I have a twisted daemon that does some xml feed parsing.
I store my data in PostgreSQL via twisted.enterprise.adbapi , which IIRC is wrapping psycopg2
I've run into a few problems with storing data into database -- with duplicate data periodically getting in there.
To be honest, there are some underlying issues with my implementation which should be redone and designed much better.
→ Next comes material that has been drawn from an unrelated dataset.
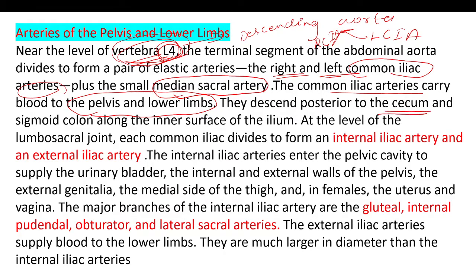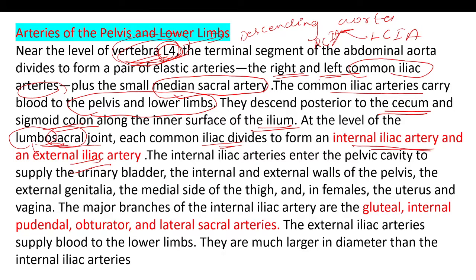The common iliac arteries descend to the level of the lumbosacral joint, where each common iliac artery divides into the internal iliac artery and the external iliac artery, providing supply to both the right and left sides.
I lack the time and resources to do that though - so we're in 'just keep it running' mode for now.
I think the problem may happen from either my usage of deferToThread or how I've spawned the server at the start.
As a quick overview of the functionality I think is at fault:
Twisted queries Postgres for Accounts that should be analyzed , and sets a block on them
SELECT
id
FROM
xml_sources
WHERE
timestamp_last_process < ( CURRENT_TIMESTAMP AT TIME ZONE 'UTC' - INTERVAL '4 HOUR' )
AND
is_processing_block IS NULL ;
lock_ids = [ i['id'] for i in results ]
UPDATE xml_sources SET is_processing_block = True WHERE id IN %(lock_ids)s
What I think is happening, is (accidentally) having multiple servers running or various other issues results in multiple threads processing this data.
I think this would likely be fixed - or at least ruled out as an issue - if I wrap this quick section in an exclusive table lock.
I've never done table locking through twisted before though. can anyone point me in the right direction ?